Basic Brewing Water Chemistry - Chris Schaefer
Getting your brewing water right will help you along if you are on a quest to make the tastiest beer you can. Keeping it simple is a good thing if you are starting out and still learning the brewing process. Tastier beer with minimal effort, nice.
There are a few salts that you can add to your brewing water that will cover most beers you are likely to make. They are Calcium Chloride, Calcium Sulphate and Calcium Carbonate. Each of those salts add a different character to your beer.
- Calcium Chloride enhances maltiness so you would use more of it in a malt driven beer like an amber or a brown.
- Calcium Sulphate enhances bitterness and also makes your beer seem a bit dryer so you would use more of that in a USIPA or similar.
- Calcium Carbonate changes a beer to be less acidic so some can be used in dark beers such as a stout to counter the acidity from the dark grains.
It is good to get at least 50ppm (50 parts per million) of Calcium for most beers. If you are using soft water like Melbourne water or rain water you could do the following. To get the 50ppm you simply use about 1 level teaspoon of salts per 20ish litre batch of beer. Add about half of that teaspoon of salts to the water before mashing, give it a good stir, and add the other half at the start of the boil, no need to stir that addition.
If the water you are using has more calcium in it you could use rain water or cut back the salt addition so you still end up with about 50ppm of calcium.

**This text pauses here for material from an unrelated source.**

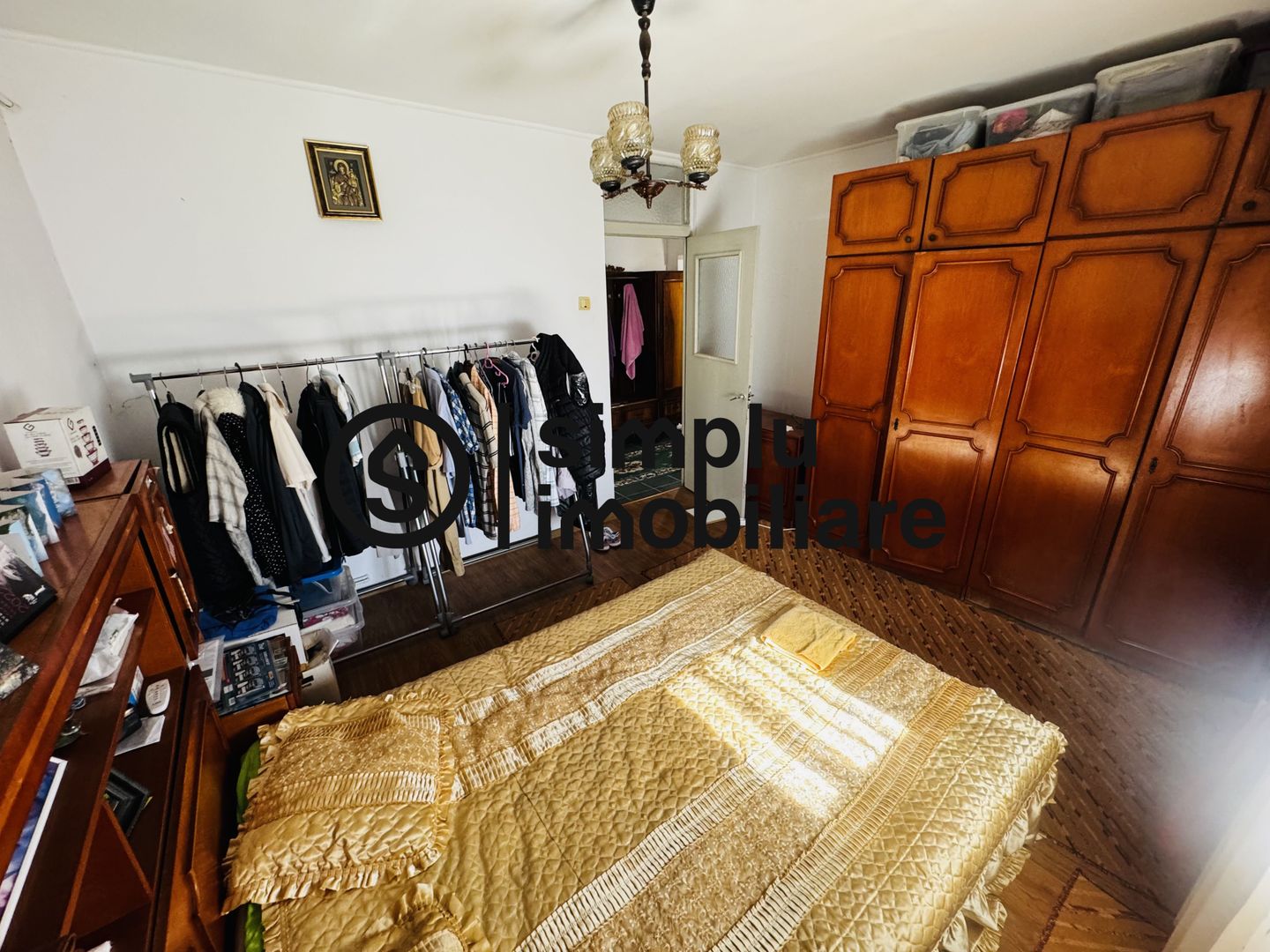 3 decomandate, centrala, 1 Mai - 110 000 Euro - Poză 18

How much you use changes proportionally with batch size. For double the batch size, double the salts and so on.
For an American Ale or USIPA you could use two thirds of a teaspoon Calcium Sulphate and one third of a teaspoon Calcium Chloride. For a brown ale you could use all Calcium Chloride or mostly Calcium Chloride and a little Calcium Sulphate. For a stout you could use half a teaspoon of Calcium Carbonate and half a teaspoon of Calcium Chloride.
Besides your 50ppm of calcium, pH is another important water variable. You probably know pH is used to measure acidity. We have found with soft Melbourne water adding some acid helps get your pH level in a good range for all light beers and even amber and brown beers. Darker beers such as a stout have enough acidity. If you want to keep the acid addition simple, for a 20ish litre batch of light beer - brown beer, add about 1.5ml phosphoric acid to your hot liquor (the water you put your grains into). This is approximate but will help get your mash and wort pH levels into a good range.
pH meters are not so expensive these days so grab one if you want to have a bit more accuracy with pH levels. For many beers a good mash pH range is about 5.2 to 5.5 and closer to the 5.2 is preferred.
For those who want to keep it simple for now, the info above should keep you going.
A bit more complicated
Water for beer can become more interesting when you understand that beer styles evolved in certain areas because of the water profile. Here are a couple of examples. The Pilsen region in the Czech Republic is famous for the Pilsner style of beer that tastes great brewed with the soft water there. Dublin in Ireland is where Dry Stouts evolved because the water is high in bicarbonates which makes it difficult to make a light coloured beer. Make a dark beer with a similar water profile can work beautifully.
You can find water profiles of famous brewing areas online. If you end up being interested in water profiles you can try to replicate the famous water profiles for your brew. If you have soft water like Melbourne water or use rain water or have access to reverse osmosis water you will have water which has low levels of minerals which is great to build your target profile. For example, if you are making an Irish Stout you might want to add salts to make up your water profile the same as the Dublin water profile.
Be careful, sometimes adding salts to match the water in these cities will not produce the desired effect. Take it gently.
There are brewing water chemistry calculators available – Brewers Friend is one. You can add your local water profile to the calculator and work out the salts you can add to make up the water profile you would like to use.
How good is it that? These days with our knowledge of chemistry we can now make up a water profile as we want it rather than being stuck with the water supply that we have and it’s limitations of the beer styles that can be brewed with it!
If you get excited by water and geek out, enjoy. It’s not for everyone so you probably won’t be able to have a great chat with your partner about it when you get home or even with your brewing buddies when you are having a beer. It will definitely help upping the quality of your beers though!
As you can imagine there is way more to water chemistry than this short article. If you have a need for some great in depth info about water chemistry you could have a read of John Palmer’s Water book.
I have spoken with a few guys who like learning about brewing water and a lot of them agree that a good approach is read up as much as you like while you are interested then when your brain is maxed out with water info have a break. Break for a week or a month or many months then have another read until your brain is maxed out. Rinse and repeat until you are happy with your water knowledge.